Mohamed Sebaï, grossiste bien connu du marché, observe ce glissement avec inquiétude. « Même avec le froid et les pluies, les clients hésitent. Les prix sont devenus dissuasifs », confie-t-il, en ajustant une balance. À cette réalité s’ajoute un facteur saisonnier souvent oublié : la récolte des olives, qui mobilise une partie du budget et détourne la demande vers d’autres priorités alimentaires.
Dans les détails, la tension est palpable. Les haricots secs se négocient entre 15 et 18 dirhams le kilo, les lentilles entre 12 et 15 dirhams, tandis que le pois chiche peut grimper jusqu’à 20 dirhams selon la qualité. Pour de nombreux ménages à revenu modeste, ces niveaux dépassent le seuil du supportable. La légumineuse, pourtant pilier d’une alimentation équilibrée et abordable, devient un produit à arbitrer.
La structure du marché accentue cette pression. Plus de 80 % des légumineuses consommées sont importées, exposant les prix aux coûts du transport, aux taxes et aux aléas logistiques. À cela s’ajoute la multiplication des intermédiaires, qui allonge la chaîne de commercialisation et creuse l’écart entre le prix payé par le consommateur et celui perçu par le producteur.
Cette contraction de l’offre locale, combinée à une forte dépendance aux importations, crée un cercle difficile à rompre.

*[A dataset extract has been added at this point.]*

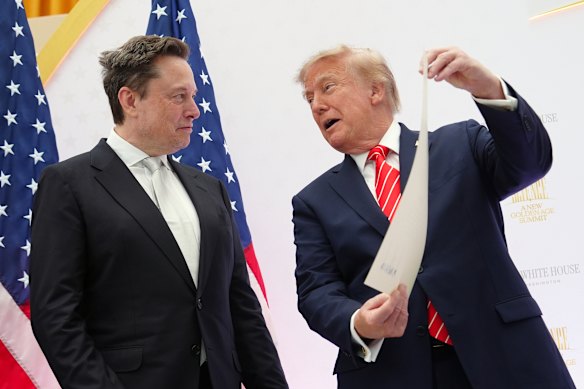Il presidente Donald Trump, a destra, consegna questo mese la medaglia nazionale della scienza a Elon Musk.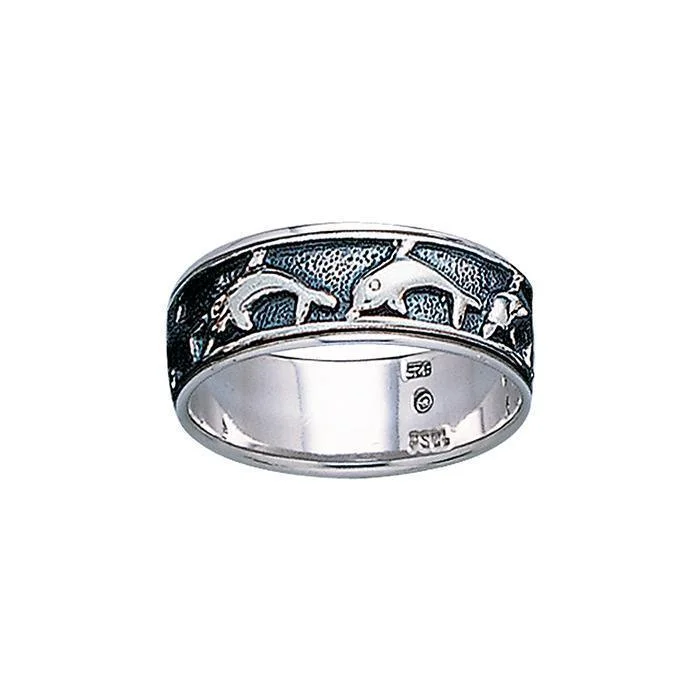 Silver Dolphin Spinner Ring TR1680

Le consommateur paie plus, l’agriculteur gagne moins, et le marché perd en fluidité.
Dans un contexte marqué par la pression sur le pouvoir d’achat et la nécessité de renforcer la souveraineté alimentaire, la question des légumineuses dépasse le simple fait divers de marché. Réguler les circuits de distribution, mieux encadrer les intermédiaires et soutenir concrètement la production locale ne relèvent plus du discours, mais d’une urgence sociale et économique. À défaut, l’hiver continuera d’être long, autant dans les assiettes que dans les campagnes.